— DATA FOR PROCESSING —
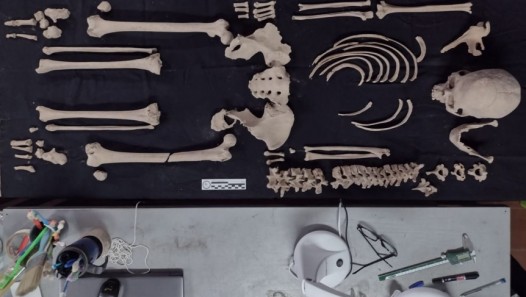 imagen Filosofía y Letras habilita un nuevo espacio para la Osteoteca de Mendoza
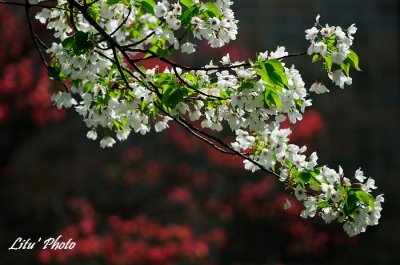 DSC_8163.jpg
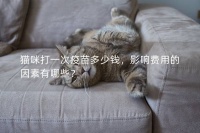 猫咪打一次疫苗多少钱,影响费用的因素有哪些?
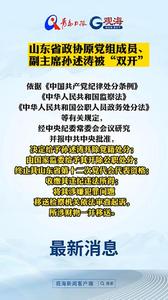山东省政协原党组成员、副主席孙述涛被“双开”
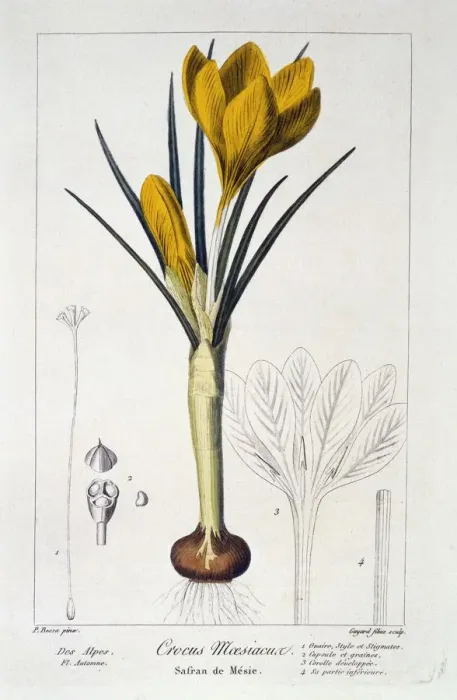 Framed Print : Crocus Maesiacus, 1836. Creator: Panacre Bessa (1772-1846) Framed Print : Crocus Maesiacus, 1836. Creator: Panacre Bessa (1772-1846)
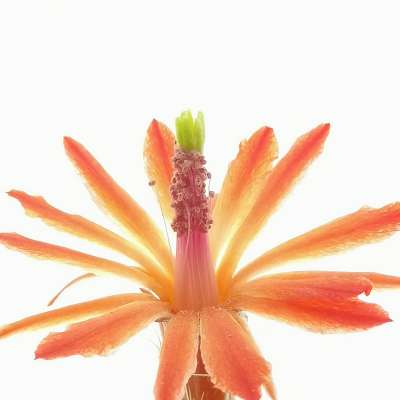 Echinocereus klapperi - Giromagi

— DESCRIPTION OF THE TASK —
The pictures stay out of the copy. Set down the entries above precisely.

— SOLUTION —
 imagen Filosofía y Letras habilita un nuevo espacio para la Osteoteca de Mendoza
 DSC_8163.jpg
 猫咪打一次疫苗多少钱,影响费用的因素有哪些?
山东省政协原党组成员、副主席孙述涛被“双开”
 Framed Print : Crocus Maesiacus, 1836. Creator: Panacre Bessa (1772-1846) Framed Print : Crocus Maesiacus, 1836. Creator: Panacre Bessa (1772-1846)
 Echinocereus klapperi - Giromagi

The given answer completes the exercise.